Каменистая дорожка вела мимо тополя, мимо дома, где недавно еще жил Юрий Григорьевич. Горька поднял глаза к растворенному окну на третьем этаже. И сразу — будто включился незаметный магнитофон — Горьку настигло воспоминание о глуховатом и добром голосе:
— Хороший ты человек, Горислав Геннадьевич. Только характер у тебя слегка извилистый…
«Такой уж…» — виновато отозвался Горька.
«А ты выпрямляйся».
«Как?»
«Реже убегай, чаще дерись…»
«С кем? С отцом, что ли?»
«С жизнью… В шахматы сыграем?»
«Да ну… Вы меня опять обыграете».
«Ну и что?
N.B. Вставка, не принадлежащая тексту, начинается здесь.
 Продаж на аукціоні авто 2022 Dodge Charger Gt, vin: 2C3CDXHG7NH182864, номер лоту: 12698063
За битого двух небитых дают».
«Да за меня уже трех можно…»
Когда Юрия Григорьевича хоронили, отец сказал Горьке:
— Сиди дома. Нечего путаться под ногами у людей.
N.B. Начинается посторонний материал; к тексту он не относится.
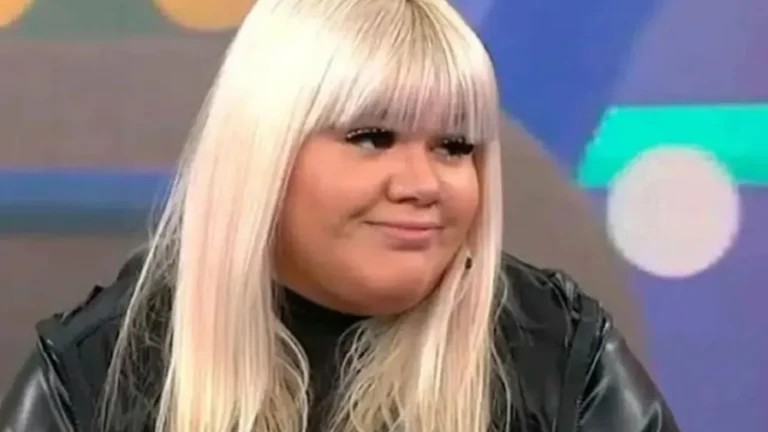 Morena Rial: se complica su situación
Горька не посмел ослушаться. Стоял у окна и видел через пространство заросшего пустыря темную толпу у крыльца трехэтажного дома. Издалека толпа казалась неподвижной. Надрывно завыл оркестр. Люди у крыльца колыхнулись. В заднюю дверь серого автофургона вдвинули что-то длинное, красное… Вот и все… И в голове у Горьки не укладывалось, что это событие имеет какую-то связь с Юрием Григорьевичем. Он знал, конечно, что Юрия Григорьевича больше нет, но все равно казалось, что если забраться в развилку тополя и перелететь на подоконник, сразу услышишь:
«А-а, Горислав Геннадьевич. Вечерняя птичка залетная… Что, опять ищем убежища?»
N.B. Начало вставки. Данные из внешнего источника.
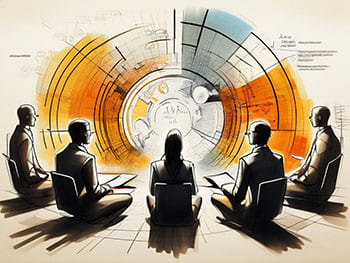 Der Multiple, Dynamische Fokus in der Mediation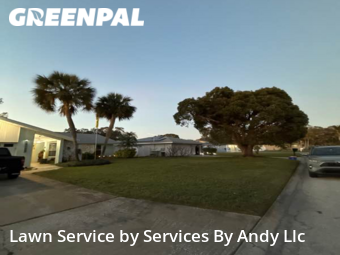 Lawn Mowing Service nearby Largo, FL, 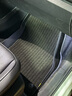 固特異（Goodyear）tpe汽車腳墊適用大眾T-ROC探歌高邊TPE腳墊+黛尼斯毯 曬單實(shí)拍圖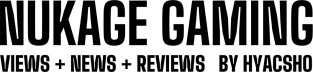 Nukage Gaming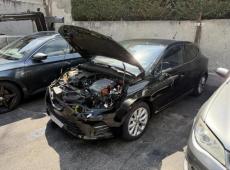 Renault Clio (60000 km)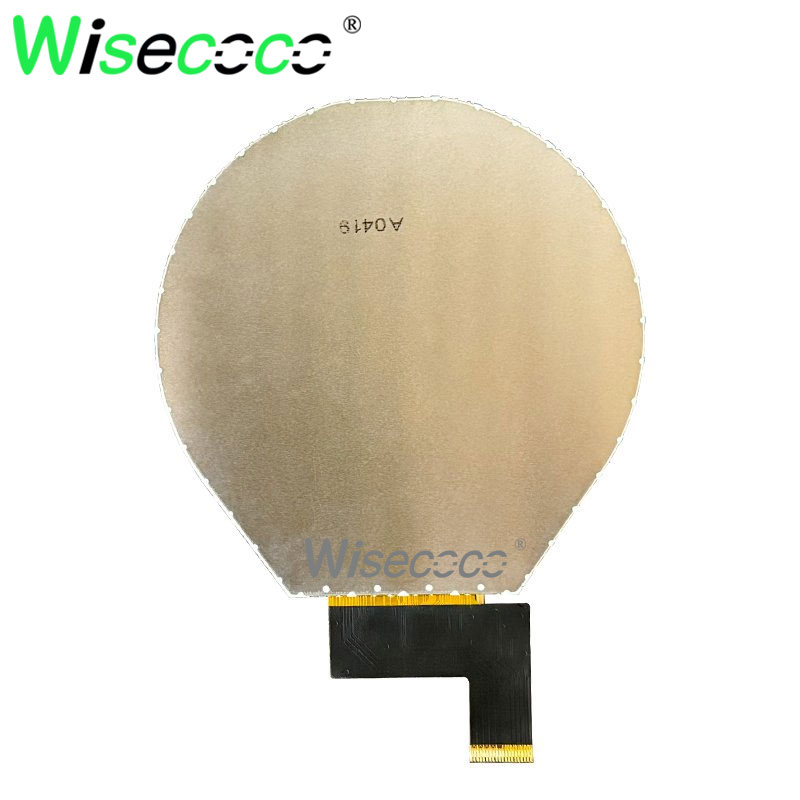 3.4 Polegada 800x800 Display R - Smart Home Raspberry Pi avaliação e preço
«Да нет, я просто так… Можно у вас переночевать?»
«А дома что скажут?»
«Папка на дежурстве, а мама не будет ругаться. Если отца нет, она разрешает…»
«Ну что ж… Тогда поставим чаек…»
Сейчас, проходя мимо трехэтажного дома, Горька увидел в открытом окне, наверху, женщину. Она вешала шторы. Горька сообразил, что приехали новые жильцы. Все мальчишки уже знали, что в квартире Юрия Григорьевича должна поселиться его дочь с мужем и сыном.
С крыльца сбежал на дорожку незнакомый мальчик с большой клеенчатой папкой. Ростом вроде Горьки, стройненький такой, в желтой рубашке с погончиками. Ветер сразу растрепал ему волосы. Мальчик не заметил Горьку. Посмотрел на верхушку тополя, улыбнулся чему-то и зашагал к воротам. Папку держал за угол и на ходу легонько поддавал ногой. Горьке понравилось, как он идет: легко, спокойно. Видно, не было в душе у мальчишки никакого страха. Горька даже позавидовал. Сам он не умел так ходить по земле. Но позавидовал он по-хорошему, без досады.
«Внук Юрия Григорьевича», — подумал он. Этот внук не мог быть плохим человеком. И Горька принял решение…
Журка и Горька сидели рядом на постели.
— Игра у нас такая, — сказал Горька. — Два отряда. Ну или как два индейских племени. Наши с этой улицы, а ихние «Тигры» — с Туринской… А я Сашке и Вовке Лавенковым пароль не передал… Егор велел, чтобы я к ним сбегал и сказал, какой пароль, потому что они в засаду собирались. А меня отец не пустил…
— Куда? В засаду?
— Да нет, к Лавенковым, чтоб пароль сказать. Не понимаешь, что ли?.. Потом Сашка Граченко и Митька пошли менять Лавенковых в засаде, пароль кричат, а те его не знают. И давай лупить из автоматов. Получилось, что своих перестреляли… Из-за меня…
Журка не очень разобрался, что за пароль, какая засада и кто такие эти Сашки, Митька, Вовка. Но главное понял: Горька по военным законам оказался кем-то вроде изменника и дезертира. Но не по своей вине, а из-за отца.
— А почему отец не пустил?
— Говорит: «И так целыми днями по улице мотаешься. Скоро школа, а в голове одна дурь. Бери учебник, математику повторяй…»
— Ты бы объяснил ему, что на минутку сбегаешь и придешь.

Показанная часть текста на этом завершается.